From what I have seen, production  paintings are still being sold in galleries. The artists producing these works have amazing skills and are prolific producers. Their dealers/agents are aggressive. I don't know whether the artists separate their production work  from their fine art work via changing their signature, but given the snobbishness of gallery owners and the American public, I would guess yes.

Volume sales is the way to make money in art like in everything else. That’s why many of us go into prints. The glicee print, from what I read in Wikipedia,  is  the best reproduction around; all of the prints come out identical.  A digital reproduction of original art is done on high quality substrates, with superior ink-jet printers and color correction. Artists often oversee the production of the prints of their work and approve it before it's brought to market.  Editions consist of about 1000 pieces; that's quite a lot considering that prior to digital print reproduction, print editions were a hundred to two hundred.  I have no idea, but wonder, if these digital editions are limited.  With no plates to destroy after printing , as in the old days, how many times are artists reproducing the same original?  Are there any rules about this? I didn't see that information.

I find all of this information incredibly sad. The truth is as I've always known.

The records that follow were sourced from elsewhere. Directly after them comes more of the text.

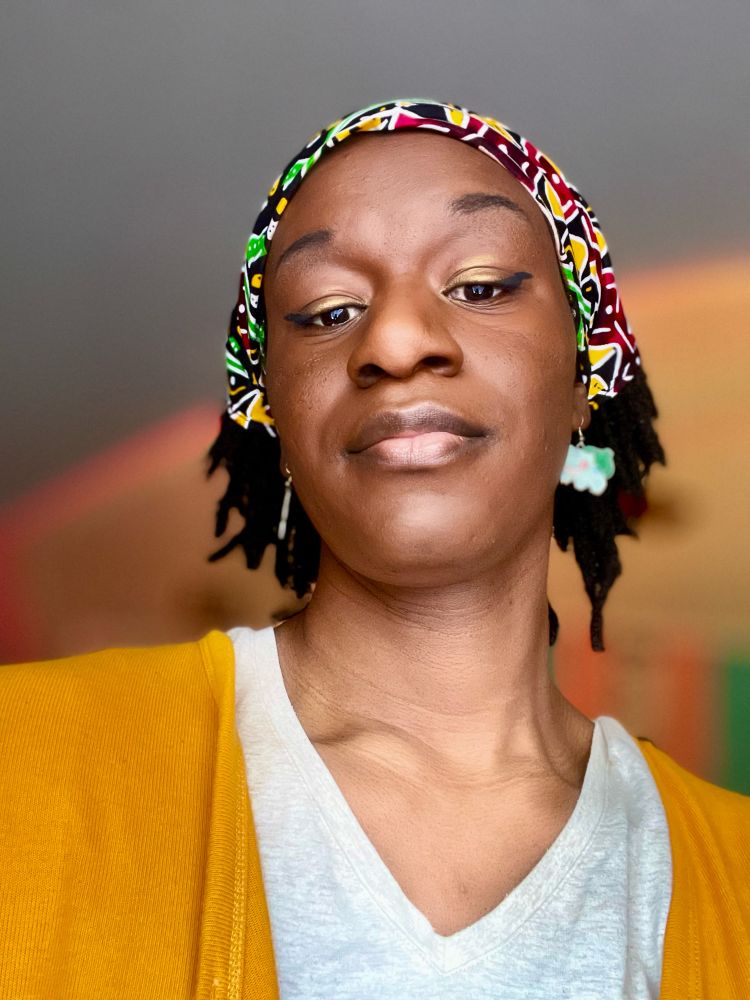 Selfie of Maya from a lower angle. She is wearing makeup with black eyeliner, gold eyeshadow, bulbasaur earrings and a colorful bandana. She is in front of a blurred orange tinted led background.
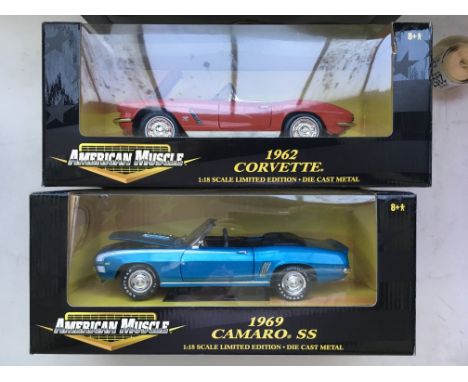 A collection of 4 mint boxed ERTL 1/18 scale American Muscle vintage sports cars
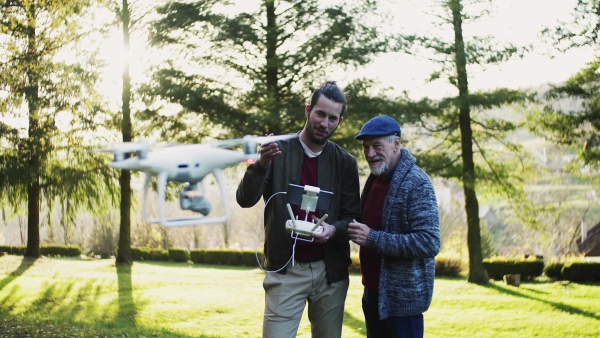 Senior father and his young son with drone in nature, talking.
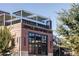 Exterior of Odell Brewing Co with rooftop patio, brick facade, and clear signage in a commercial setting at 2048 Meade St, Denver, CO 80211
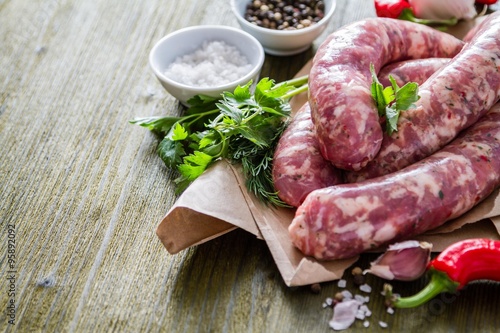 Raw sausages with herbs and spices
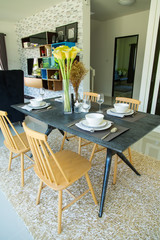 Dining table with set in modern home, Wooden table in Dining room, Luxury corner in the family. modern home designed, modern life in modern home, creative home designed, beautiful interior design.
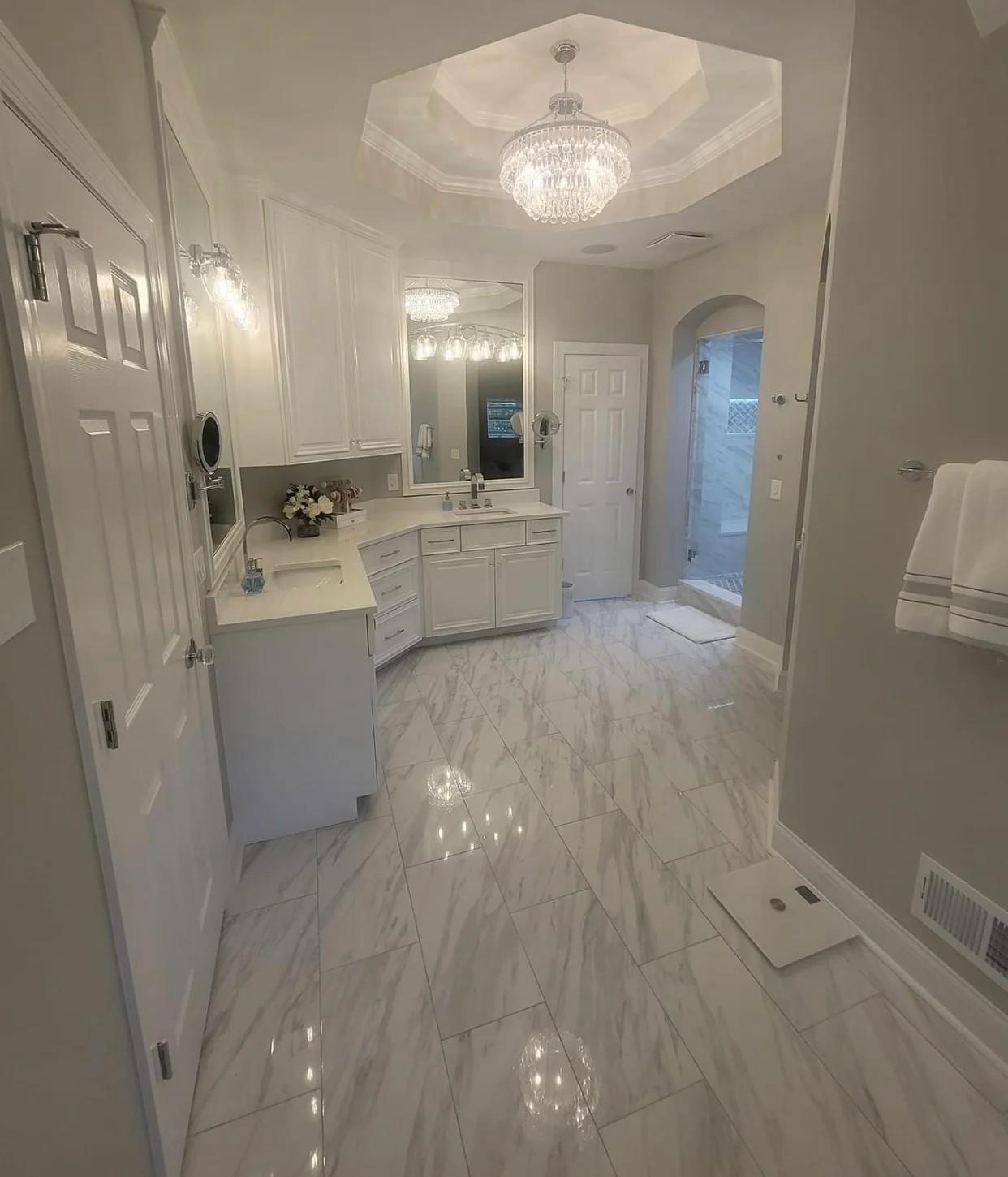 Bright white master bathroom with marble floors, white cabinetry, and crystal chandelier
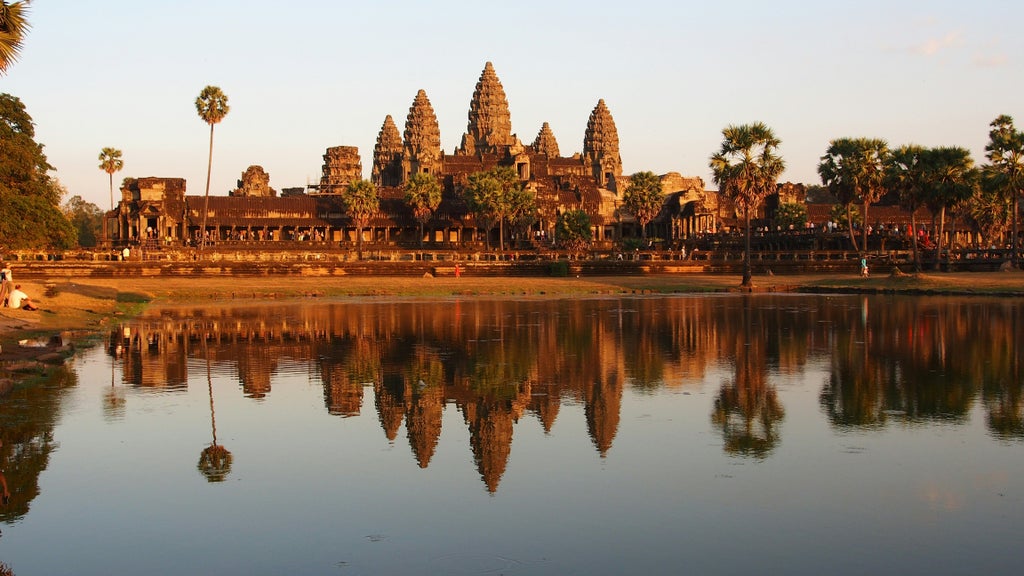 Silhouetted spires of Angkor Wat temple reflect in lotus pond at dawn, with vibrant orange and purple sky illuminating ancient ruins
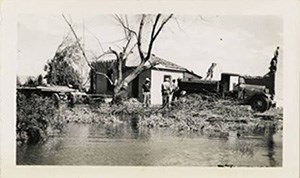 Lake water approaching the home of one of the last residents in the town.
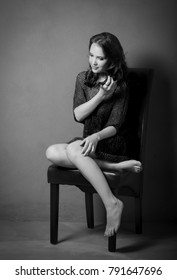 Black And White Portrait Of Woman With See Through Top And Black Underwear Posing On A Black Chair.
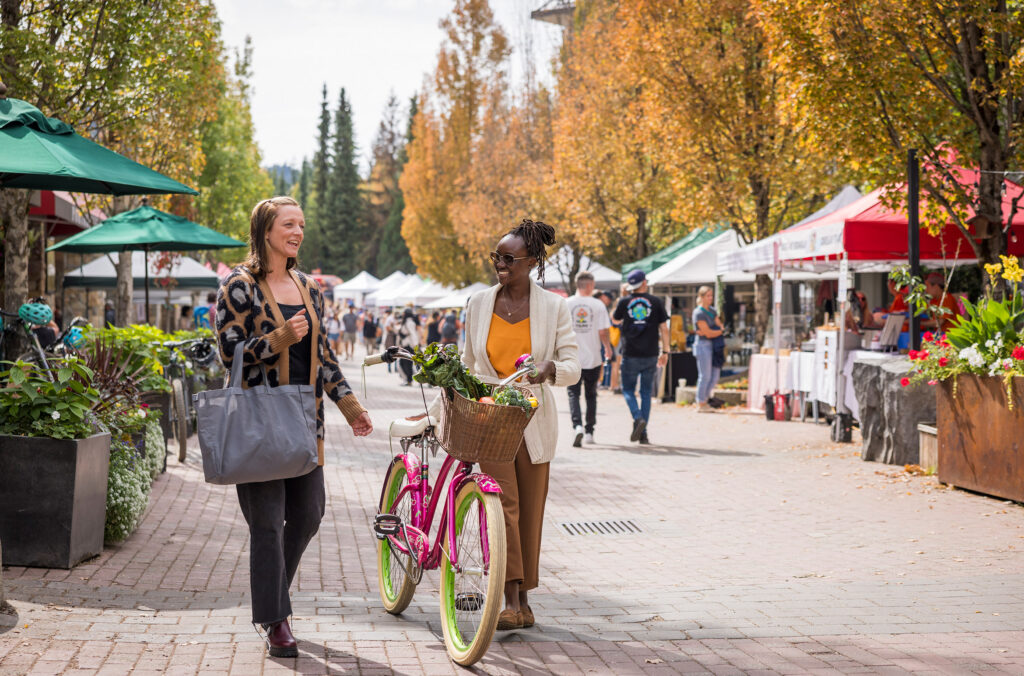 Two people walk down Whistler's Upper Village during the Whistler Farmers' Market. One has a bike loaded with fresh produce and the other a large bag. The trees are yellow and gold behind them, with market stalls in front.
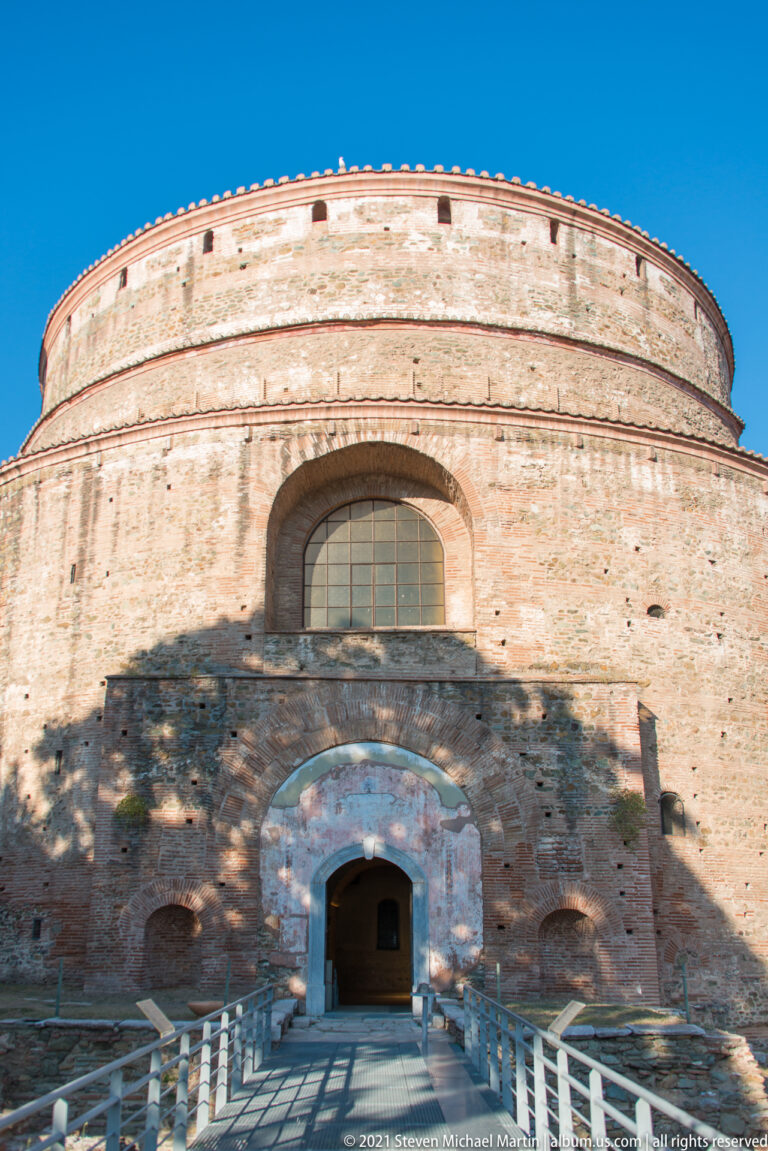 Front exterior of the brick Rotunda of Galerius with arched window, entrance, and access ramp.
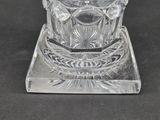 a clear glass candle holder on a black surface
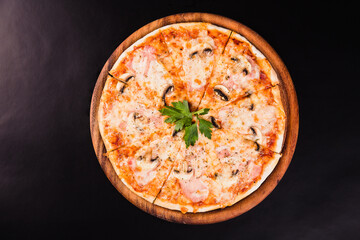 Italian pizza with mushrooms on a wooden board on a black background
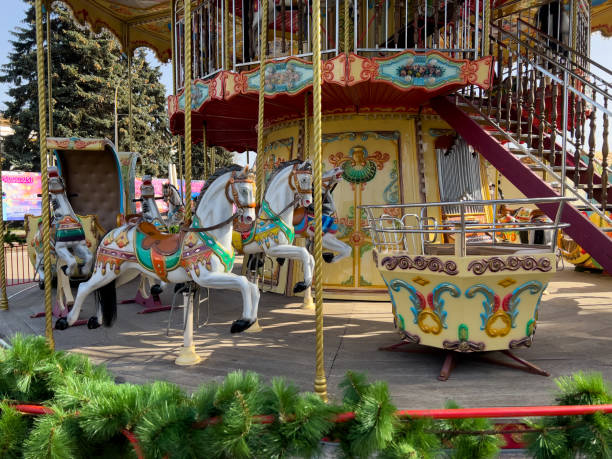 istock A colorful carousel with decorated horses and a two-tier structure stands in a sunny outdoor amusement park. The festive design features intricate patterns and bright colors. 2186326521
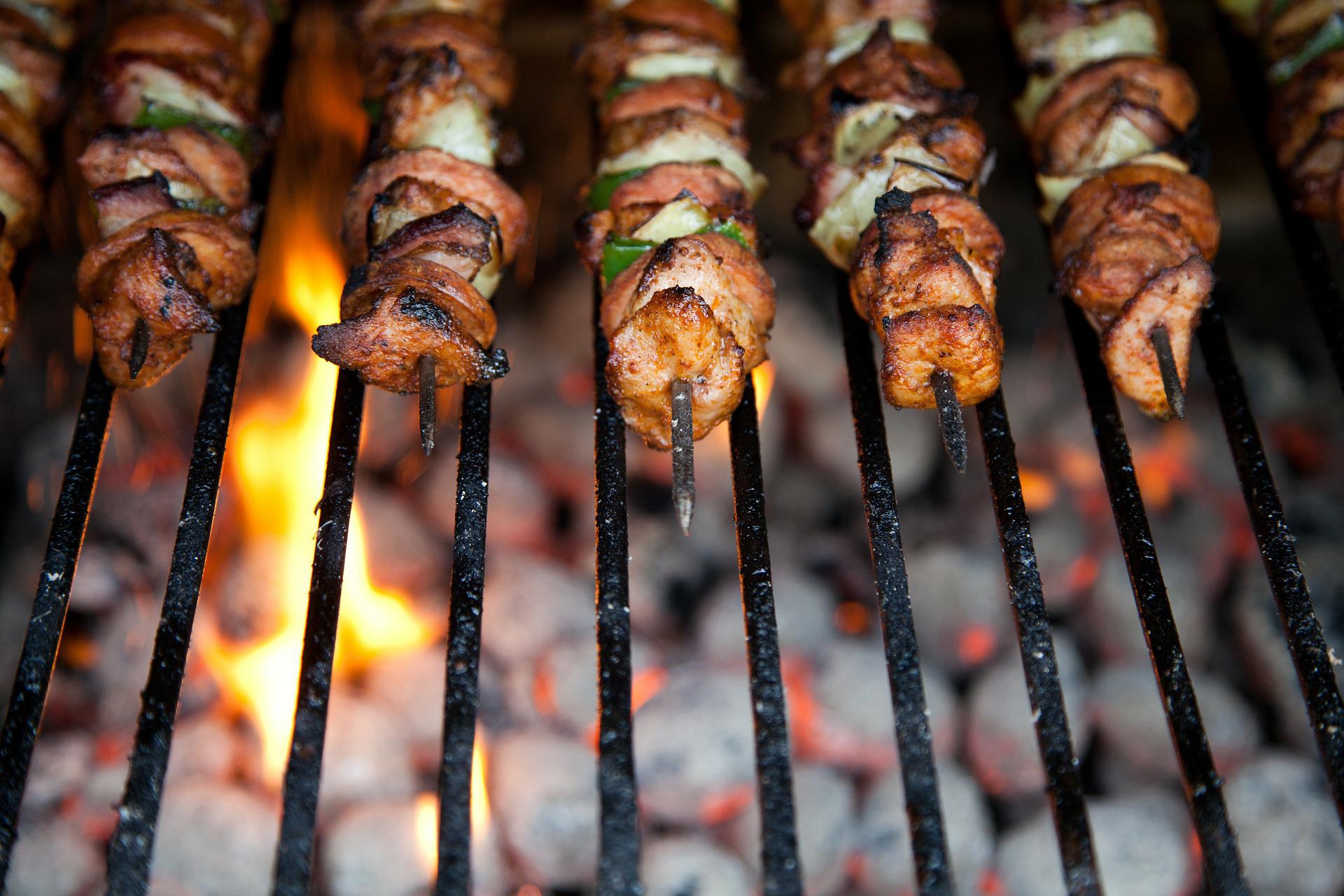 Skewers over grill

I have a skill that will never support me or even cover my supplies.  My sales are erratic, consequently, I am not making money regularly from making art.  Could it be I'm not really an artist? Am I just a hobbiest? The IRS thinks so.

Margaret Keane was a damn good artist and one smart cookie in the fifties. Google her biography. Take a look at what she did with one slick idea. I think she's amazing. Reese Witherspoon is going to play her in an upcoming film, Big Eyes.

NOTE:
The painting you see here, to break up all this text, was done by an Italian artist who painted his way  up the ladder and into a gallery stable in Rome, where he is still represented.  We bought it on one of our buying trips to Italy in 1969.  I would have bought two of his pieces, but he was getting ready for a one man show and didn't want to part with another.  I just liked this lady sitting up in her bed observing the world go round  and him for being so candid in our discussion of art, artists and making a living with this skill that is as much a curse as it is a blessing. On one hand, we are gifted with an appreciable talent, On the other hand, that talent is useless...unless wake up and smell the coffee.  Art is a business and it always has been.